Common Law Liability at Construction Sites and the 'Launching a Force' Test
"The 'Espinal' court never gave any reason why its three-prong test was better, fairer or more logical than the Restatement formulation," writes Brian J. Shoot.
August 05, 2024 at 02:00 PM
22 minute read
Consider the following hypothetical: Defendant Smith & Jones Corporation (SJC) is an electrical subcontractor at a construction site in Manhattan. One of its A-frame ladders is damaged, and thereby dangerous to use. A foreperson marks it with blue tape, signifying to its employees that the ladder should not be used, but SJC neglects to remove it from the site. Sometime later, an employee of EBM Drywall Corp. (EBM), the drywall and ceiling contractor, sees the ladder and attempts to use it since it happens to be conveniently at hand when he needs a ladder. The ladder wobbles, causing it and the worker—let's call the worker plaintiff—to fall. Plaintiff sues, amongst others, SJC for negligently leaving a defective ladder where it was highly likely to be used (i.e., at a construction site).

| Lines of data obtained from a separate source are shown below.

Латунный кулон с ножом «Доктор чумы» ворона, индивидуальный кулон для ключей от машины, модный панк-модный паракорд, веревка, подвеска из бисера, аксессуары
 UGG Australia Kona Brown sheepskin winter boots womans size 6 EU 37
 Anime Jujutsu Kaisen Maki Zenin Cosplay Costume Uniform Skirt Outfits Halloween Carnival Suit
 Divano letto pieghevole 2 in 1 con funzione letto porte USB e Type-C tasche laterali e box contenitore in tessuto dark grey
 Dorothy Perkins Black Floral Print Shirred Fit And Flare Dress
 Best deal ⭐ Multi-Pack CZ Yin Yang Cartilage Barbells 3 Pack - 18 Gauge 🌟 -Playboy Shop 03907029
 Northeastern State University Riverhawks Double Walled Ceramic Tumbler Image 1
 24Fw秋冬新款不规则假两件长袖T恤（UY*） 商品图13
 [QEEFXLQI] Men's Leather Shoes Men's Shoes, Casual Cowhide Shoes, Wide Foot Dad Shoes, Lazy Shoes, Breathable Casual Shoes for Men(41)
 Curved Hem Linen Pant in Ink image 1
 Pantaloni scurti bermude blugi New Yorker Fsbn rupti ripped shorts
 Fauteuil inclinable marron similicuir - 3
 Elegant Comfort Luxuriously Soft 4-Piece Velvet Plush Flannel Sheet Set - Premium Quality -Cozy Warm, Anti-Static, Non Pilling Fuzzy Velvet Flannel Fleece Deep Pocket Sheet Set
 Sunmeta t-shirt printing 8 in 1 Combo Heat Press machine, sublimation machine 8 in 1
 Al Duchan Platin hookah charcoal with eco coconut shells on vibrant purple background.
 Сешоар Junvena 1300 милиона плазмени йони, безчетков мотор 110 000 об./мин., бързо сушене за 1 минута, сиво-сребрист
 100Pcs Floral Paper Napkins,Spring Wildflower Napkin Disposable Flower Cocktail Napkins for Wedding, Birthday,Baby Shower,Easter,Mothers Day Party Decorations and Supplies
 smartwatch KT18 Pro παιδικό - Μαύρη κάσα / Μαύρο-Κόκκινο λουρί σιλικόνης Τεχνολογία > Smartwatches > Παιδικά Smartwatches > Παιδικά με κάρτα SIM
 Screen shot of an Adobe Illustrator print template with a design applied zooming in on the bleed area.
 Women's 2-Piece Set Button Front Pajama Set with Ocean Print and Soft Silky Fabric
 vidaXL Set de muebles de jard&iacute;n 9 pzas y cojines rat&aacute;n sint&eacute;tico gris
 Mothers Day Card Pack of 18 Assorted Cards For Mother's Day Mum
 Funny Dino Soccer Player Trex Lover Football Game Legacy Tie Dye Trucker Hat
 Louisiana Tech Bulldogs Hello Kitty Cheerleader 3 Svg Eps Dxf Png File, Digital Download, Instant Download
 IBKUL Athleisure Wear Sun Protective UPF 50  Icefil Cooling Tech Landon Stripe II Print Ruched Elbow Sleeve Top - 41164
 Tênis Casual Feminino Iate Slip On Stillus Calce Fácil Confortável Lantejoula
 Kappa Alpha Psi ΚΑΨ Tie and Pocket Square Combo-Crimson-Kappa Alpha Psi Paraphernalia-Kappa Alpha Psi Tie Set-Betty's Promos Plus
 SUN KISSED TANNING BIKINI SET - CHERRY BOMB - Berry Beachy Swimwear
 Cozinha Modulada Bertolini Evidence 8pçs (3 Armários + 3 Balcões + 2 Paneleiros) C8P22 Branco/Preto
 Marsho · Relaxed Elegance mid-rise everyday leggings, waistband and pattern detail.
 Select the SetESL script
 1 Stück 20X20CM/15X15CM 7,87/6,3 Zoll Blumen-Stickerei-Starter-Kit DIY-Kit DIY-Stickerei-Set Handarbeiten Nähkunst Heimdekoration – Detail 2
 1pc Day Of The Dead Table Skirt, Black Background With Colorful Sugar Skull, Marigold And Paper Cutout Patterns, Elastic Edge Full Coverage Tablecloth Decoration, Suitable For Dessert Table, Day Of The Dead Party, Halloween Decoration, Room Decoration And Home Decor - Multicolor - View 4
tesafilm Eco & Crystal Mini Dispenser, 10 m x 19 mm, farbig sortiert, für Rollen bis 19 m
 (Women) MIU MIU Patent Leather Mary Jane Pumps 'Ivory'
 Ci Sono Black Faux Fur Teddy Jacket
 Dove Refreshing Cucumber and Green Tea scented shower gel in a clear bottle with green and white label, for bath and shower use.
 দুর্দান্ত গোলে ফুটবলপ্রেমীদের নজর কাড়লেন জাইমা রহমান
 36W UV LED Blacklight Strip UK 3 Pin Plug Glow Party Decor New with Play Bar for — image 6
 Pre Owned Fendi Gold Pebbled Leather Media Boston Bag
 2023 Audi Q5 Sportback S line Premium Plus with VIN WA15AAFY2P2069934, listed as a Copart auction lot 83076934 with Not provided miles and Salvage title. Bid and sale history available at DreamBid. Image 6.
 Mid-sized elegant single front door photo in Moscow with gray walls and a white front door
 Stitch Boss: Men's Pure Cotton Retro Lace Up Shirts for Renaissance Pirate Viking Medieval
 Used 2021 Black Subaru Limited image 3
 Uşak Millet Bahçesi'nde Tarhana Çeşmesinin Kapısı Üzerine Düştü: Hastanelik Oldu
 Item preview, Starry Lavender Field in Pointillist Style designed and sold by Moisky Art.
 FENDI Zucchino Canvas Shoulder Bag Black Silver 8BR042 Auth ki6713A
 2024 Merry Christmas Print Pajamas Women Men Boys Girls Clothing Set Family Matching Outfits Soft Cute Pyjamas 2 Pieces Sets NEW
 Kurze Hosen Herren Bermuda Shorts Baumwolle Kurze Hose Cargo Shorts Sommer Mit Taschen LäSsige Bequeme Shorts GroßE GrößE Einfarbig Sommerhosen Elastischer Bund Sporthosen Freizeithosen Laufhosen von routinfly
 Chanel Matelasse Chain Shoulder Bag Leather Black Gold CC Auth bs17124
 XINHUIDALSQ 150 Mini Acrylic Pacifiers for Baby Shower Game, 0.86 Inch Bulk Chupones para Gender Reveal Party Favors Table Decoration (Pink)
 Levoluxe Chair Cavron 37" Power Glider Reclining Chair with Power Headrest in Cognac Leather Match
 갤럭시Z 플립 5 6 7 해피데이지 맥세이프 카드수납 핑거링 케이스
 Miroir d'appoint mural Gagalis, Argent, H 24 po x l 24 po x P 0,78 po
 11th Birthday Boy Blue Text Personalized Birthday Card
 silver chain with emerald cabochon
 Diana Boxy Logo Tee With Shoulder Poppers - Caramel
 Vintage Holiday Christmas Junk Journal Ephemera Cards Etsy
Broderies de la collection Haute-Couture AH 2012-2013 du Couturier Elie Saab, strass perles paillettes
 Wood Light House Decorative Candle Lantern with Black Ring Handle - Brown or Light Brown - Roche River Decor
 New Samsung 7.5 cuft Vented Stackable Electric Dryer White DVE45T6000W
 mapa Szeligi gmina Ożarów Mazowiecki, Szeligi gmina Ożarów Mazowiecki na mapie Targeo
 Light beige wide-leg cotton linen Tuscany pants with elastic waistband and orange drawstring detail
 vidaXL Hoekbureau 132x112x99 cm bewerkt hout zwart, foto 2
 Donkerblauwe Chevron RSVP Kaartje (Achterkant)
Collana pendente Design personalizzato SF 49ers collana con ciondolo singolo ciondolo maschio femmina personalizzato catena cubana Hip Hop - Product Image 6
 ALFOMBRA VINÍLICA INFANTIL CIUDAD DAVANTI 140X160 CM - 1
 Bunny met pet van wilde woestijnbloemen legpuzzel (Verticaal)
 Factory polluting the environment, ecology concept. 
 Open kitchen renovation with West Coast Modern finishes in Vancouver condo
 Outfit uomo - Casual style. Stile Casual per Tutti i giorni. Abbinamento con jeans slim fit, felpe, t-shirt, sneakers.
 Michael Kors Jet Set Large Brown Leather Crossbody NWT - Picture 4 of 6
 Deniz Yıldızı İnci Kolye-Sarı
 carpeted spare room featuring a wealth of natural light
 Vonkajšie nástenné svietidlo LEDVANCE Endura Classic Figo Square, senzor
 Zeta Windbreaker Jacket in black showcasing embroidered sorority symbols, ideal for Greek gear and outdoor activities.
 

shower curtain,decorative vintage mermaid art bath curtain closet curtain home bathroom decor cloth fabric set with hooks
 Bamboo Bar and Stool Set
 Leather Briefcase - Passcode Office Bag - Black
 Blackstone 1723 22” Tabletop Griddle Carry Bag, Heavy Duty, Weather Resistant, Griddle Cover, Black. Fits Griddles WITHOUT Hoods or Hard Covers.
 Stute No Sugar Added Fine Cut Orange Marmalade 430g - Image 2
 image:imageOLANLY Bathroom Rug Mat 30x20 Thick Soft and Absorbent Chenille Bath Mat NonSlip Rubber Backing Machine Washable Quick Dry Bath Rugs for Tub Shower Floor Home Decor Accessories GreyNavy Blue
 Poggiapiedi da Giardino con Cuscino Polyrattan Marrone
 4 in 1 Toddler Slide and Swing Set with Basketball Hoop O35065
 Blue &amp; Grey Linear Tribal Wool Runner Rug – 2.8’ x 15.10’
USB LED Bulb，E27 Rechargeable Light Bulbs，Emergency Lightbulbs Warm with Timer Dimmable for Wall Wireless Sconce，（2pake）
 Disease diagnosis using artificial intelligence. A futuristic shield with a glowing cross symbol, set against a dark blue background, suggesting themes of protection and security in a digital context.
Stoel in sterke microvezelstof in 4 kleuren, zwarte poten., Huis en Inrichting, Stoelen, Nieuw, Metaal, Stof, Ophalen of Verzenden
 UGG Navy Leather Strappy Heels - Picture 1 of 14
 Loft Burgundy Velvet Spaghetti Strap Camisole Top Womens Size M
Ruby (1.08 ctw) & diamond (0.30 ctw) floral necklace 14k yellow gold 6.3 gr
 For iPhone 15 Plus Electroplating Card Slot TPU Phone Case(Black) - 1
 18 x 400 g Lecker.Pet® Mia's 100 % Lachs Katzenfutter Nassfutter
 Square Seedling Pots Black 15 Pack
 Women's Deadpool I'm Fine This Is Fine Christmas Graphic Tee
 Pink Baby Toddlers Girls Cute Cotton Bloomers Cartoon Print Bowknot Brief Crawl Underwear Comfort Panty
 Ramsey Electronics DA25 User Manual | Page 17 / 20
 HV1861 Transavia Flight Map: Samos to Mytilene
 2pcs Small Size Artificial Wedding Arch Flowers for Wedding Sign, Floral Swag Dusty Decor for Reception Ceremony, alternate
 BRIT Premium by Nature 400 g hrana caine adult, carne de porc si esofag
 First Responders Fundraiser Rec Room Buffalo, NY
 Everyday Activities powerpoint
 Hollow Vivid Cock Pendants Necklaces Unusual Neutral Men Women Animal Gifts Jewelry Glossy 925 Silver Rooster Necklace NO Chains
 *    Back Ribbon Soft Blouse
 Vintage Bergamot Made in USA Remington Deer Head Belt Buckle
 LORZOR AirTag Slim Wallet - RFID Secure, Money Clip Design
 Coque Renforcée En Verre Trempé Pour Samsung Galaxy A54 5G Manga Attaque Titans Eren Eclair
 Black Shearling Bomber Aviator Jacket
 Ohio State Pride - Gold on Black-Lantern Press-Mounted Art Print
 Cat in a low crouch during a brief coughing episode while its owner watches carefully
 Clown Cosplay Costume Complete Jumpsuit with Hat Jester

Now consider a second hypothetical. The facts are identical to the first hypothetical, but with one difference. In the second hypothetical, the entity which leaves the ladder at the construction site, ABC Designers, Inc. (ABC), is not an electrical subcontractor. It is a building tenant with no role in the construction project save for the fact that the construction work—which is being performed by various contractors directly or indirectly hired by the building's owner—happens to encompass the area ABC leases from the building owner. The facts are otherwise the same. An ABC employee knows the ladder is defective, marks it with blue tape, but then knowingly leaves it at a construction site where it is likely that someone will eventually try to use it. And the plaintiff eventually does so, resulting in injury.